In 2014, the final review of the current EU/IMF programme has been tilted over the Greek elections. If the Troika finds an agreement with the new government, the final €7.2B aid tranche will be released. On top, Greece stands a chance of getting a “precautionary lending facility” to smoothen the transition full Troika oversight to complete “independent” control (€11B rumoured coming from unused reserves in a stability fund for the banking sector). Greece needs this money. In March, €4.5B IMF funding is due and in the Summer a combined amount of €6.54B Greek bonds needs to be repaid (ECB holds these bonds). Tsipras says that he will cover this funding gap by increasing bill issuance, but under current regulation Greece can’t increase outstanding bills above the current outstanding €15B. Market funding is excluded as well at current prices and cash reserves are too small (€2.2B).


Long term debt problem

As usual, we expect Europe and Greece to work out a solution to overcome the short term funding gap and remove Grexit/default fears. However, it’s merely kicking the can down the road. Longer term, more debt relief is likely. Redemptions start increasing dramatically from 2022 onwards and Greek growth/inflation is unlikely to be strong/high enough to substantially improve debt dynamics. The IMF currently expects the debt to GDP ratio to be 120% of GDP in 2020.


Market implications

Following a Syriza election victory, uncertainty and Greek event risk remains. This should keep Greek yields elevated. Of late, we’ve seen that contagion effects to other EMU sovereigns are small and certainly don’t weigh against the ECB’s QE bazooka. The latter is the dominant trading factor. We don’t expect a short term default, nor Grexit. In case our basis scenario changes, we’ll certainly update this report.

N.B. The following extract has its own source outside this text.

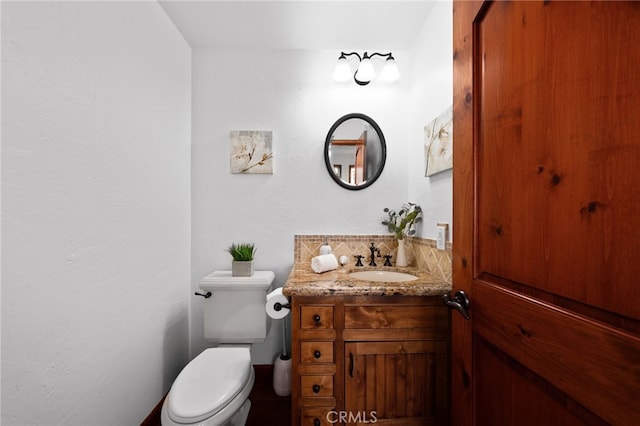 half bathroom featuring vanity and toilet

This non-exhaustive information is based on short-term forecasts for expected developments on the financial markets. KBC Bank cannot guarantee that these forecasts will materialize and cannot be held liable in any way for direct or consequential loss arising from any use of this document or its content. The document is not intended as personalized investment advice and does not constitute a recommendation to buy, sell or hold investments described herein. Although information has been obtained from and is based upon sources KBC believes to be reliable, KBC does not guarantee the accuracy of this information, which may be incomplete or condensed. All opinions and estimates constitute a KBC judgment as of the data of the report and are subject to change without notice.